Indonesia fails to curtail forestry industry
Indonesia fails to curtail forestry industry
Deutsche Presse Agentur Jakarta
Indonesia on Tuesday called on its major donors to stop importing illegally cut timber or associated products from the country, but failed to put into place constraints on its own booming forestry industry.
"Asking one country to combat illegal logging while at the same time receiving or importing illegal logs of course does not support efforts to combat these forest crimes," Indonesian Forestry Minister Muhammad Prakosa told an annual gathering of the country's leading international and country donors.
Indonesia last year signs agreements with China, the U.K. and Northern Ireland to cooperate in halting the import of illegal timber or timber products in an effort to stem the rampant deforestation taking place in the Indonesia, which is losing about 2 million hectares of forest land each year, much of it to illegal logging.
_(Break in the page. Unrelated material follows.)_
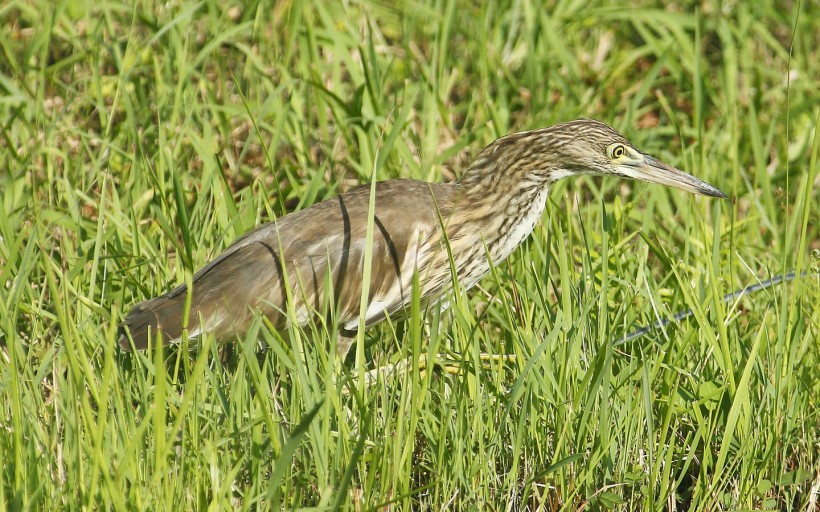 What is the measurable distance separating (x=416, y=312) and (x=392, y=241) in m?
1.25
Prakosa said that Indonesia was working on similar cooperative agreements on illegal timber import bans with the U.S., Japan and the European Union.
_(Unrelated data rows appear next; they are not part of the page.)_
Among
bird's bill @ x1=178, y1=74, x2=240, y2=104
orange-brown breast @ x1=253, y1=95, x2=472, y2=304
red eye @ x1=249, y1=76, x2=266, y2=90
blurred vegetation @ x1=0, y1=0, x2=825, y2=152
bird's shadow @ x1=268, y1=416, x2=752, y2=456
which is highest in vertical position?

Indonesia's repeated failure to curb illegal logging, much of it conducted with the collusion of government officials, has been raised as a serious issue at the Consultative Group for Indonesia (CGI), a group of some 30 donors who have been financing the country's budget deficits for the past four years, but the government failed to respond to policy suggestions.
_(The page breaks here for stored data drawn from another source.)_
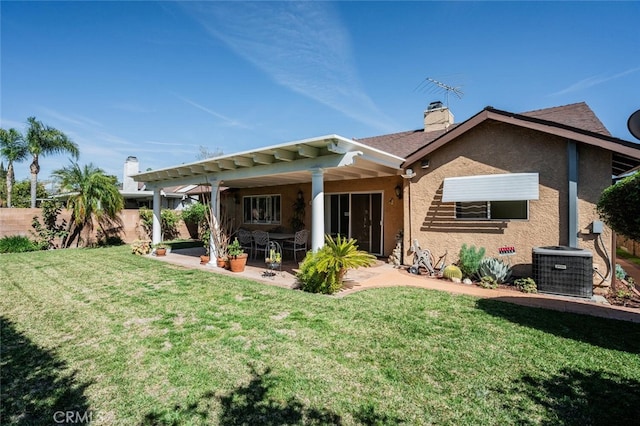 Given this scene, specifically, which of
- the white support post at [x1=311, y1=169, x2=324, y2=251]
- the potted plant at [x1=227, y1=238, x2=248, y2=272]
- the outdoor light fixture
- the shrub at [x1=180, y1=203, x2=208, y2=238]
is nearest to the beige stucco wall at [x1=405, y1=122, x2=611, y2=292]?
the outdoor light fixture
The World Bank and IMF, hosting the CGI meeting, have this year put pressure on the Indonesian Bank Restructuring Agency (IBRA) to slow its sale of bad debts owed to banks by the forestry sector in an effort to let more forestry companies go under.
"There was essentially no response on the IBRA issue," said Thomas Walton, the World Bank's lead environmentalist expert in Indonesian. "The results on the ground have been very small."
The World Bank and many environmentalists argue that most of Indonesia's illegal logging is the result of the huge domestic demand from local forestry industries such as pulp and paper, plywood and furniture.
Indonesia's giant pulp an paper industry, with a capacity to consume 25 million cubic metres of wood per year, is deemed the major single source of deforestation in the country, and yet the government has made no effort to curb production.
Although forestry minister Prakosa threw his support behind the World Bank and environmentalists' proposal to let some of the ailing forestry companies go under to decrease the industry's capacity, but neither IBRA nor the finance ministry endorsed the plan.
"If we lose the momentum and do not close down these forest companies, it will be politically difficult to close them down later on," warned the minister.